[[ EXERCISE INPUTS, beginning ]]
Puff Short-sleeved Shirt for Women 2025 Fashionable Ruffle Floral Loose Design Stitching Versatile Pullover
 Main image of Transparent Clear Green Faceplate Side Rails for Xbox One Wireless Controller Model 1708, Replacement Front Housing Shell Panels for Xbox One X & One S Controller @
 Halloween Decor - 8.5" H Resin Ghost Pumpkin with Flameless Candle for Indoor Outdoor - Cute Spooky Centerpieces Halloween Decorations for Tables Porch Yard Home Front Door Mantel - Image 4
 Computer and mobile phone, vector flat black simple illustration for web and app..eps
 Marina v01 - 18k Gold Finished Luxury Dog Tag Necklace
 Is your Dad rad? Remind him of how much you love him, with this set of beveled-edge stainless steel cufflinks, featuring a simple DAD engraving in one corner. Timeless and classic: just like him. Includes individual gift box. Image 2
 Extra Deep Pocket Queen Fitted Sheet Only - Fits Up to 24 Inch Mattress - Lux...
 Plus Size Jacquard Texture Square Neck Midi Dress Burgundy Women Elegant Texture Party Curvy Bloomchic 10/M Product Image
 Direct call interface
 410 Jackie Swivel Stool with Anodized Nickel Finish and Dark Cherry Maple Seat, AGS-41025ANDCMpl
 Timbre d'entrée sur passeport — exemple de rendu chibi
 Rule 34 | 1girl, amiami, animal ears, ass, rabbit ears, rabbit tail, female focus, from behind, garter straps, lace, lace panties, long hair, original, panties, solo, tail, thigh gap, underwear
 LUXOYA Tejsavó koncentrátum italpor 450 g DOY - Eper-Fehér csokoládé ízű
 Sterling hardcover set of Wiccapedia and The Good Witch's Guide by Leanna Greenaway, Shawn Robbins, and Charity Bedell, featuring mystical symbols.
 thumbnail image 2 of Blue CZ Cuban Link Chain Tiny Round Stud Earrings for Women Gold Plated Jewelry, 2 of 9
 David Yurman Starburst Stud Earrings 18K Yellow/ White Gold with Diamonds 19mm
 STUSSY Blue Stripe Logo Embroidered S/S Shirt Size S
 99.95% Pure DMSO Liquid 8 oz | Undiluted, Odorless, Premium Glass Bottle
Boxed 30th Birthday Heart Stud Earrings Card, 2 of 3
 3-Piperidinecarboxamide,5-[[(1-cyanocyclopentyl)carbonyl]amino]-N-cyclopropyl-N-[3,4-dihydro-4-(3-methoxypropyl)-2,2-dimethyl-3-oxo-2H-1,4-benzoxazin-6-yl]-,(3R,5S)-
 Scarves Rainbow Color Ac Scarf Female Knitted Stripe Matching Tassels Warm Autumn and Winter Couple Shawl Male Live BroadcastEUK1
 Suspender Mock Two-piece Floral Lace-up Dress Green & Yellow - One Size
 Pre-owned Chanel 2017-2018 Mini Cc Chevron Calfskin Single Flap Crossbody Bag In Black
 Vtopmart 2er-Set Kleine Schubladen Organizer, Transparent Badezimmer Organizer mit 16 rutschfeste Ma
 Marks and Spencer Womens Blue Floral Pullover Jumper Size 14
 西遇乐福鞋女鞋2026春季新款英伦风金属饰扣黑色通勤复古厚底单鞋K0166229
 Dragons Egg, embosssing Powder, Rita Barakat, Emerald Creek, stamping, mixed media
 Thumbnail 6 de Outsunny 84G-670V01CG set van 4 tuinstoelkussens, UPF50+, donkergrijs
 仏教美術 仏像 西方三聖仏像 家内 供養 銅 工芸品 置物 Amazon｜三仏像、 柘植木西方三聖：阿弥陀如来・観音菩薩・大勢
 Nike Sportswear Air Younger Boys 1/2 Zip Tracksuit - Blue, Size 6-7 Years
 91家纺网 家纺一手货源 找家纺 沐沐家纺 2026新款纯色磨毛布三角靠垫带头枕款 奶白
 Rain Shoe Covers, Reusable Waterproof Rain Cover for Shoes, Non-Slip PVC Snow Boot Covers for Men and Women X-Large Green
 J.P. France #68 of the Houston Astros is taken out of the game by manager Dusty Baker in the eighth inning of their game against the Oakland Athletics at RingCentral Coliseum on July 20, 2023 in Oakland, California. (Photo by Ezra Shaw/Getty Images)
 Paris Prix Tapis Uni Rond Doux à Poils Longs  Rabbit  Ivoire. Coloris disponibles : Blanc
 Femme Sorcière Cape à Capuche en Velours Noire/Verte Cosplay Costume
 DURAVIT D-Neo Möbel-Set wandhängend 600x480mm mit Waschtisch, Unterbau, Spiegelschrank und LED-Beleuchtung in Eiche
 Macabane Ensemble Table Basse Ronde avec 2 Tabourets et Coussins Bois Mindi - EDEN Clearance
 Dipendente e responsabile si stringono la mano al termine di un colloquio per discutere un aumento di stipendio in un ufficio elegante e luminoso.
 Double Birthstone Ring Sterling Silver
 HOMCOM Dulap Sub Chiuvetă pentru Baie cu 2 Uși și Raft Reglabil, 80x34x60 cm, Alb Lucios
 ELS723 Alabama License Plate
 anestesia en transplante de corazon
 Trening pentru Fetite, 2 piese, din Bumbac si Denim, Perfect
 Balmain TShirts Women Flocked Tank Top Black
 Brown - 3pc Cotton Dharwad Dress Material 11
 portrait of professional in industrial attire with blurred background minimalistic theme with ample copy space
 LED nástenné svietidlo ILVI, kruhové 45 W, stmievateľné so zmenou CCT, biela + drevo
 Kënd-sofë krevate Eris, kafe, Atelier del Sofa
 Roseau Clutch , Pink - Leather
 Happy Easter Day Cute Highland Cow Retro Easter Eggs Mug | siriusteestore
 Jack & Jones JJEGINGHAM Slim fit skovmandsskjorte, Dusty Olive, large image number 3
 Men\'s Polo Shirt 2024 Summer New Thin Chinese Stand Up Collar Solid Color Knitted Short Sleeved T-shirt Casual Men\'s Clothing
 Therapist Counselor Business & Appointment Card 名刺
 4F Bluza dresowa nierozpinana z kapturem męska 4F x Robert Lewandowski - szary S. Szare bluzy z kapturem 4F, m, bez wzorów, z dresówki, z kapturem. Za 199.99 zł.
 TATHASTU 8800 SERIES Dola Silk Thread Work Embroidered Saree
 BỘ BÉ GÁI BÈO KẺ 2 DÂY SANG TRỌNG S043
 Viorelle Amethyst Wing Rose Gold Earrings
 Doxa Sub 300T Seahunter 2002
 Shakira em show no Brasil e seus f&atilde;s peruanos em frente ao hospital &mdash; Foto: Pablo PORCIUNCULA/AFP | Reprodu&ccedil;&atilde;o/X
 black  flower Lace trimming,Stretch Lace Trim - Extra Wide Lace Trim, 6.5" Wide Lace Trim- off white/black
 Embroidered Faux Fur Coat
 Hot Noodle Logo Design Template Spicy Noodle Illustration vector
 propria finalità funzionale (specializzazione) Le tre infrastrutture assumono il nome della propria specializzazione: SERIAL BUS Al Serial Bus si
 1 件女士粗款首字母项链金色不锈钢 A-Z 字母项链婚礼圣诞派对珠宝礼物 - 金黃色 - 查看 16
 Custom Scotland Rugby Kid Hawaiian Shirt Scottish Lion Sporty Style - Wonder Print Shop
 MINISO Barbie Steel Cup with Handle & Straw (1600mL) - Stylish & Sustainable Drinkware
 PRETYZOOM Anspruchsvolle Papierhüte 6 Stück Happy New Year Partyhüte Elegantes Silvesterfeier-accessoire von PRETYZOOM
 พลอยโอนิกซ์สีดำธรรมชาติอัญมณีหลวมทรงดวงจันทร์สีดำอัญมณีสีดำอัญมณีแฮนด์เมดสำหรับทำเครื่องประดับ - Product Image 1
[[ EXERCISE INPUTS, end ]]
## PROBLEM DETAILS
All lines in the records with the string "Floral" should be copied out.

## ANSWER FOR THIS EXERCISE
Puff Short-sleeved Shirt for Women 2025 Fashionable Ruffle Floral Loose Design Stitching Versatile Pullover
 Suspender Mock Two-piece Floral Lace-up Dress Green & Yellow - One Size
 Marks and Spencer Womens Blue Floral Pullover Jumper Size 14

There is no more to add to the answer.